Rich Hickey on the Power of Lisp REPLs (2015) - tosh
https://groups.google.com/d/msg/clojure-dev/Dl3Stw5iRVA/IHoVWiJz5UIJ
======
tosh
> […] it is important to think broadly about the power of multiple sessions,
> even from the same user. At first we are talking about 2 sessions, for human
> and IDE. But it is quite common in rich Common Lisp IDEs like Lispworks for
> people to have multiple listener (REPL) sessions open at the same time
> (against the same runtime). You can launch long running processes that
> produce streaming output, switch to another listener and continue
> interaction and development, have separate listeners for separate
> contexts/state/command-history etc. There's a lot to Lisp development that's
> not RPC. And of course a socket REPL server could support multiple
> simultaneous users, where 'users' might be programs.

> Have you ever worked with an environment like Lispworks or Allegro? If not,
> I would definitely recommend trying it.

[…]

> [http://franz.com/images/ide.png](http://franz.com/images/ide.png)

> [http://www.lispworks.com/images/lw-ide-
> gtk.png](http://www.lispworks.com/images/lw-ide-gtk.png)

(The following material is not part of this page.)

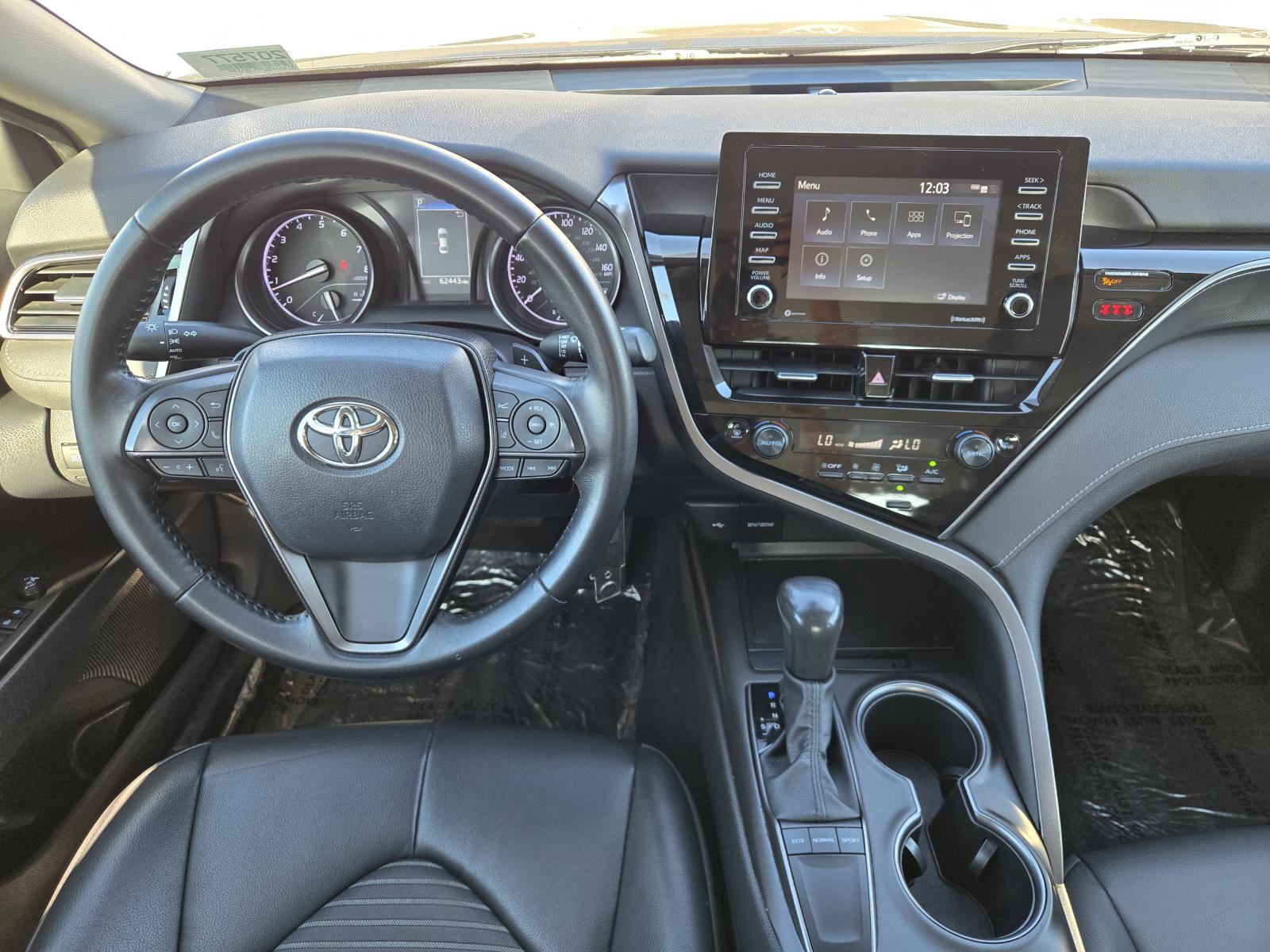 Used 2023 Toyota Camry SE FWD image 6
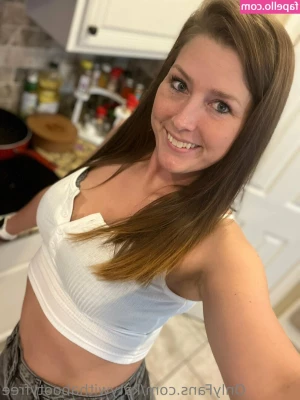 katywithabootyfree - Pixelated porn like this is exactly why you re forever gonna be a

> Note multiple listeners, data inspectors and more. Maybe not the latest
> GUIs, but the capabilities should be a source of inspiration for any Clojure
> IDE.

[…]

> Here's a wonderful demonstration of the power of nestability:

> "Programming Should Eat Itself" by Nada Amin
> [https://www.youtube.com/watch?v=SrKj4hYic5A](https://www.youtube.com/watch?v=SrKj4hYic5A)